- **WORK TASK**
What you should output is the data below, unchanged in every character.

[[ PROVIDED DATA, beginning ]]

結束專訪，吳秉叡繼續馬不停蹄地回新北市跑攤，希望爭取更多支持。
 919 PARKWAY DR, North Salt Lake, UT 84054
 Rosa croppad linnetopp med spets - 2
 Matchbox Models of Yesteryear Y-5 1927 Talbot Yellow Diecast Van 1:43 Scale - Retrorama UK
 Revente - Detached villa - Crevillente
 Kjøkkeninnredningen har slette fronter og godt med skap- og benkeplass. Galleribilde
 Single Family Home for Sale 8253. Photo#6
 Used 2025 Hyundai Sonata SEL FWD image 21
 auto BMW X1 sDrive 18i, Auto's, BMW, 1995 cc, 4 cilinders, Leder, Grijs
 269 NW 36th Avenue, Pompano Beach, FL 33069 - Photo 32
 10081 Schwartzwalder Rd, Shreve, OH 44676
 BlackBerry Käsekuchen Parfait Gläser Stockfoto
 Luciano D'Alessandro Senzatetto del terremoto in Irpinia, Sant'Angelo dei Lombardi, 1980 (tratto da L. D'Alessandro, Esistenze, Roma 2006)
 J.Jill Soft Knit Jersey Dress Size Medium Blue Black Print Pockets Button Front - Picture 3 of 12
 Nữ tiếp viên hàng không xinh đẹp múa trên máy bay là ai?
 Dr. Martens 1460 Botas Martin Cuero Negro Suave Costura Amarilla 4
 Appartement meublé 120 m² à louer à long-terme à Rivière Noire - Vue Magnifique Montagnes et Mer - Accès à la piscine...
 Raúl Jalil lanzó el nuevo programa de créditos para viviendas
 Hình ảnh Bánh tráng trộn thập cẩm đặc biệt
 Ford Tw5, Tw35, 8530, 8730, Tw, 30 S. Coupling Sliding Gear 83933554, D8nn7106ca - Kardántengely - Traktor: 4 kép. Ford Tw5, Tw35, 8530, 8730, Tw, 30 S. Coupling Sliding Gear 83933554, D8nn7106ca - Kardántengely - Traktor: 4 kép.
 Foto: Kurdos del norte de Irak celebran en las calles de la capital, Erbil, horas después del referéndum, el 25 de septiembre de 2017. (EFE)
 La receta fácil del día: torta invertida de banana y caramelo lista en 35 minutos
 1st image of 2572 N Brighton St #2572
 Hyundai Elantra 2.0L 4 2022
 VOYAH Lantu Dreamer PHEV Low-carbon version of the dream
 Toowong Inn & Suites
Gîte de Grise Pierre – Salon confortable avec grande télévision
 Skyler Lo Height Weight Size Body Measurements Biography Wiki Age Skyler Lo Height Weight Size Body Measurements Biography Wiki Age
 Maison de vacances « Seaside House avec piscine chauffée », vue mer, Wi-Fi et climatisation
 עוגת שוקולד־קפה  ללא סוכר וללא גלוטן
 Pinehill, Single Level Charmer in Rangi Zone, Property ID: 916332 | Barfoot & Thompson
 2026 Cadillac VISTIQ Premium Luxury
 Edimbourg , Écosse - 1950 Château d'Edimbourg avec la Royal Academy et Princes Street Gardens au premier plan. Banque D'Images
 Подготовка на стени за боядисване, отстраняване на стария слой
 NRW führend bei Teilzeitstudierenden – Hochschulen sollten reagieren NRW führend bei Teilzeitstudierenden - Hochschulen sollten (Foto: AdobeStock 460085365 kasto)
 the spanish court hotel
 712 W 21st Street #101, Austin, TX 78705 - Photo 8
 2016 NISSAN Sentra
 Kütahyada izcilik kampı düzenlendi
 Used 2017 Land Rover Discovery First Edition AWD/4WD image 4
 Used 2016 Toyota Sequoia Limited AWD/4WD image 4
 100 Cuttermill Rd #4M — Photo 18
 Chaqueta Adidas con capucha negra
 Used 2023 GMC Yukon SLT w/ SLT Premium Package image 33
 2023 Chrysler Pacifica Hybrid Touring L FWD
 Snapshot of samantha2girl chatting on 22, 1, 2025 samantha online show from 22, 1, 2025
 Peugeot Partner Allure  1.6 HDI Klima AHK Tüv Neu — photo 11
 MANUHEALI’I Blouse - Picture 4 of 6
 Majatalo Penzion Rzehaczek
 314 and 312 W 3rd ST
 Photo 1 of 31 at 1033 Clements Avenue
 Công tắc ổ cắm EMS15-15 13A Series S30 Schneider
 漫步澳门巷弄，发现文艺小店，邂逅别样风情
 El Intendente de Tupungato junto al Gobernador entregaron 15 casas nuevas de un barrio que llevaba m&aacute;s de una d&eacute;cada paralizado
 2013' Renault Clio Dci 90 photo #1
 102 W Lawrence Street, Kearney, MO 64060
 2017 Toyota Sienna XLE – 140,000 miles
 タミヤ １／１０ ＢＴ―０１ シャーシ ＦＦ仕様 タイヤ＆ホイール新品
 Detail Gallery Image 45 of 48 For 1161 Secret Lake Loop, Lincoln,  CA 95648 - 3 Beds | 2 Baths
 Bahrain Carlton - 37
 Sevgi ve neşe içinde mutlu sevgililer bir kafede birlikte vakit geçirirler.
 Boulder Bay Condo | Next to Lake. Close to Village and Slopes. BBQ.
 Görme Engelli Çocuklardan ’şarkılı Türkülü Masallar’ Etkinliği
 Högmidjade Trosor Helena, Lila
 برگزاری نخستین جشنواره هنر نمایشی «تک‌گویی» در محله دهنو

[[ PROVIDED DATA, end ]]

- **TASK RESPONSE**
結束專訪，吳秉叡繼續馬不停蹄地回新北市跑攤，希望爭取更多支持。
 919 PARKWAY DR, North Salt Lake, UT 84054
 Rosa croppad linnetopp med spets - 2
 Matchbox Models of Yesteryear Y-5 1927 Talbot Yellow Diecast Van 1:43 Scale - Retrorama UK
 Revente - Detached villa - Crevillente
 Kjøkkeninnredningen har slette fronter og godt med skap- og benkeplass. Galleribilde
 Single Family Home for Sale 8253. Photo#6
 Used 2025 Hyundai Sonata SEL FWD image 21
 auto BMW X1 sDrive 18i, Auto's, BMW, 1995 cc, 4 cilinders, Leder, Grijs
 269 NW 36th Avenue, Pompano Beach, FL 33069 - Photo 32
 10081 Schwartzwalder Rd, Shreve, OH 44676
 BlackBerry Käsekuchen Parfait Gläser Stockfoto
 Luciano D'Alessandro Senzatetto del terremoto in Irpinia, Sant'Angelo dei Lombardi, 1980 (tratto da L. D'Alessandro, Esistenze, Roma 2006)
 J.Jill Soft Knit Jersey Dress Size Medium Blue Black Print Pockets Button Front - Picture 3 of 12
 Nữ tiếp viên hàng không xinh đẹp múa trên máy bay là ai?
 Dr. Martens 1460 Botas Martin Cuero Negro Suave Costura Amarilla 4
 Appartement meublé 120 m² à louer à long-terme à Rivière Noire - Vue Magnifique Montagnes et Mer - Accès à la piscine...
 Raúl Jalil lanzó el nuevo programa de créditos para viviendas
 Hình ảnh Bánh tráng trộn thập cẩm đặc biệt
 Ford Tw5, Tw35, 8530, 8730, Tw, 30 S. Coupling Sliding Gear 83933554, D8nn7106ca - Kardántengely - Traktor: 4 kép. Ford Tw5, Tw35, 8530, 8730, Tw, 30 S. Coupling Sliding Gear 83933554, D8nn7106ca - Kardántengely - Traktor: 4 kép.
 Foto: Kurdos del norte de Irak celebran en las calles de la capital, Erbil, horas después del referéndum, el 25 de septiembre de 2017. (EFE)
 La receta fácil del día: torta invertida de banana y caramelo lista en 35 minutos
 1st image of 2572 N Brighton St #2572
 Hyundai Elantra 2.0L 4 2022
 VOYAH Lantu Dreamer PHEV Low-carbon version of the dream
 Toowong Inn & Suites
Gîte de Grise Pierre – Salon confortable avec grande télévision
 Skyler Lo Height Weight Size Body Measurements Biography Wiki Age Skyler Lo Height Weight Size Body Measurements Biography Wiki Age
 Maison de vacances « Seaside House avec piscine chauffée », vue mer, Wi-Fi et climatisation
 עוגת שוקולד־קפה  ללא סוכר וללא גלוטן
 Pinehill, Single Level Charmer in Rangi Zone, Property ID: 916332 | Barfoot & Thompson
 2026 Cadillac VISTIQ Premium Luxury
 Edimbourg , Écosse - 1950 Château d'Edimbourg avec la Royal Academy et Princes Street Gardens au premier plan. Banque D'Images
 Подготовка на стени за боядисване, отстраняване на стария слой
 NRW führend bei Teilzeitstudierenden – Hochschulen sollten reagieren NRW führend bei Teilzeitstudierenden - Hochschulen sollten (Foto: AdobeStock 460085365 kasto)
 the spanish court hotel
 712 W 21st Street #101, Austin, TX 78705 - Photo 8
 2016 NISSAN Sentra
 Kütahyada izcilik kampı düzenlendi
 Used 2017 Land Rover Discovery First Edition AWD/4WD image 4
 Used 2016 Toyota Sequoia Limited AWD/4WD image 4
 100 Cuttermill Rd #4M — Photo 18
 Chaqueta Adidas con capucha negra
 Used 2023 GMC Yukon SLT w/ SLT Premium Package image 33
 2023 Chrysler Pacifica Hybrid Touring L FWD
 Snapshot of samantha2girl chatting on 22, 1, 2025 samantha online show from 22, 1, 2025
 Peugeot Partner Allure  1.6 HDI Klima AHK Tüv Neu — photo 11
 MANUHEALI’I Blouse - Picture 4 of 6
 Majatalo Penzion Rzehaczek
 314 and 312 W 3rd ST
 Photo 1 of 31 at 1033 Clements Avenue
 Công tắc ổ cắm EMS15-15 13A Series S30 Schneider
 漫步澳门巷弄，发现文艺小店，邂逅别样风情
 El Intendente de Tupungato junto al Gobernador entregaron 15 casas nuevas de un barrio que llevaba m&aacute;s de una d&eacute;cada paralizado
 2013' Renault Clio Dci 90 photo #1
 102 W Lawrence Street, Kearney, MO 64060
 2017 Toyota Sienna XLE – 140,000 miles
 タミヤ １／１０ ＢＴ―０１ シャーシ ＦＦ仕様 タイヤ＆ホイール新品
 Detail Gallery Image 45 of 48 For 1161 Secret Lake Loop, Lincoln,  CA 95648 - 3 Beds | 2 Baths
 Bahrain Carlton - 37
 Sevgi ve neşe içinde mutlu sevgililer bir kafede birlikte vakit geçirirler.
 Boulder Bay Condo | Next to Lake. Close to Village and Slopes. BBQ.
 Görme Engelli Çocuklardan ’şarkılı Türkülü Masallar’ Etkinliği
 Högmidjade Trosor Helena, Lila
 برگزاری نخستین جشنواره هنر نمایشی «تک‌گویی» در محله دهنو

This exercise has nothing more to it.